20 Mar 2016

Huntly coal, gas plants could live on

3:20 pm on 20 March 2016

The odds are growing that two fossil fuel power plants at Huntly will have their life expectancy extended.

Genesis Energy's Huntly Power Station.

Genesis Energy's Huntly Power Station. Photo: Genesis Energy

The 500-megawatt units were scheduled for closure in 2018 in an announcement made last year.

But they are now looking more likely to stay open for a year or two longer and possibly until 2025.

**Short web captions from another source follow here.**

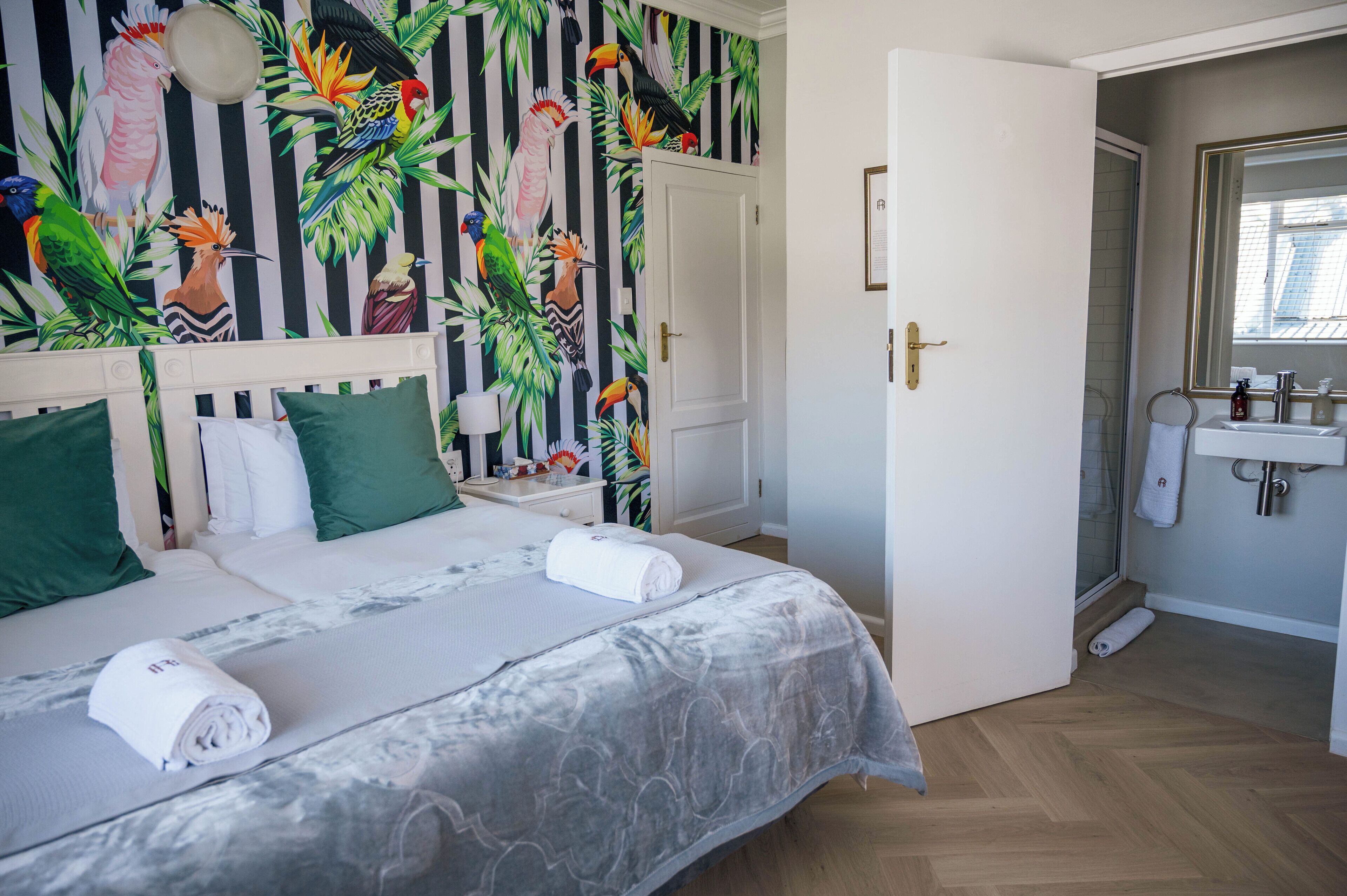 A hotel room with a bed, a nightstand, a bathroom with a sink and mirror, and a door leading to another room.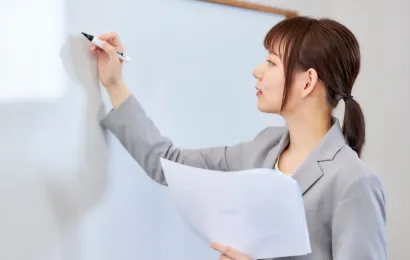 一人の女性がホーローホワイトボードに今まさに文字を書こうとしている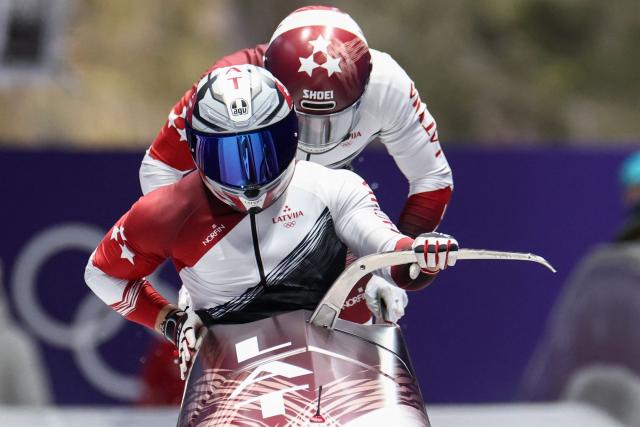 Latvia's Jekabs Kalenda and Latvia's Matiss Miknis compete in the bobsleigh men's 2-man heat 1 at Cortina Sliding Centre during the Milano Cortina 2026 Winter Olympic Games in Cortina d'Ampezzo on February 16, 2026. (Photo by FRANCK FIFE / AFP)
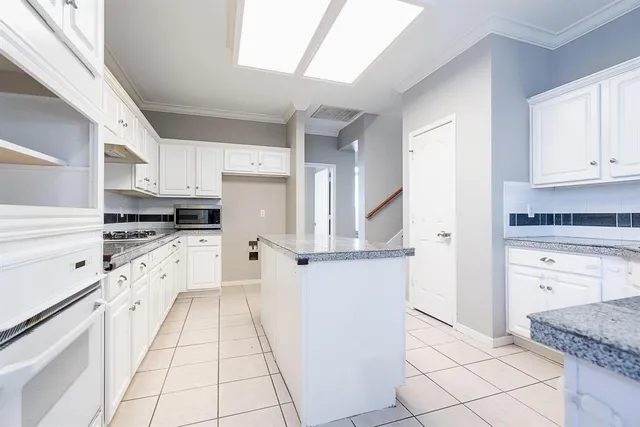 a kitchen with granite countertop white cabinets and white appliances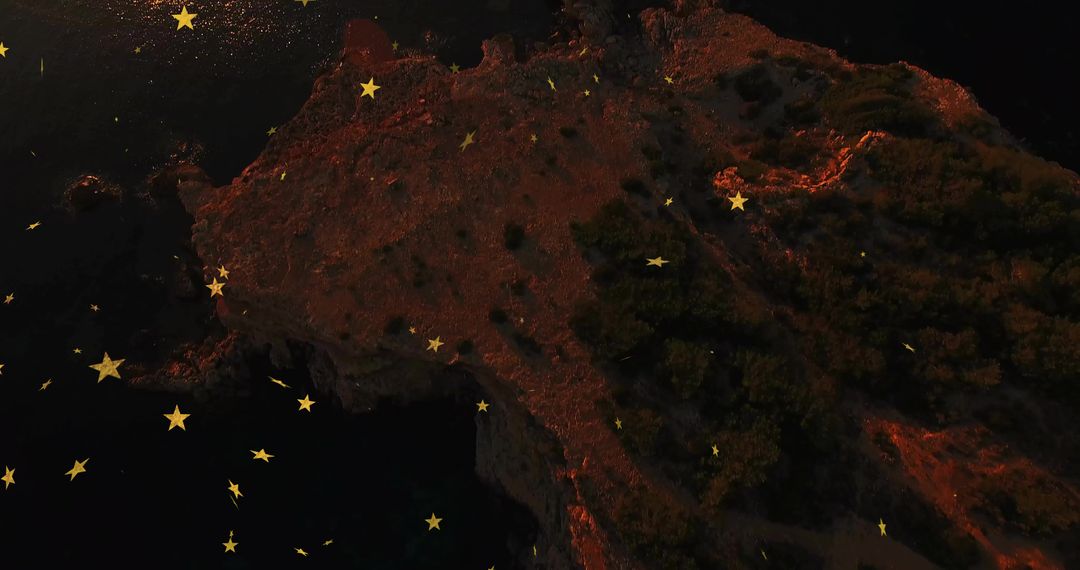 Celestial Stars Hovering Over Rocky Coastal Cliff at Night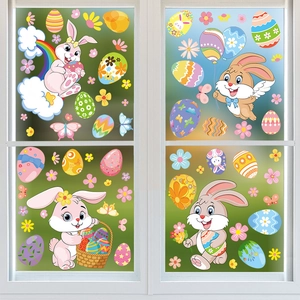 Detailed view of colorful Easter bunny stickers and floral eggs on a window pane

When Genesis Energy originally announced the closure, it said the units' fixed costs were too high and their usage too low to be economically worthwhile.

This decision was praised by environmentalists because the plants burnt coal as well as gas to generate electricity.

But several big power companies argued closing them down could leave New Zealand short of electricity in 2019 and began asking Genesis to consider reversing the closure decision.

Their worries about energy security were echoed in a report by Transpower.

Genesis Energy chief executive Albert Brantley responded by opening the door a little, saying he could keep the plants operating if he could see an economic justification for doing so which gave a reasonable return for shareholders.

"We are engaged in discussions with various parties right now and we will continue to look for solutions," Mr Brantley said in January.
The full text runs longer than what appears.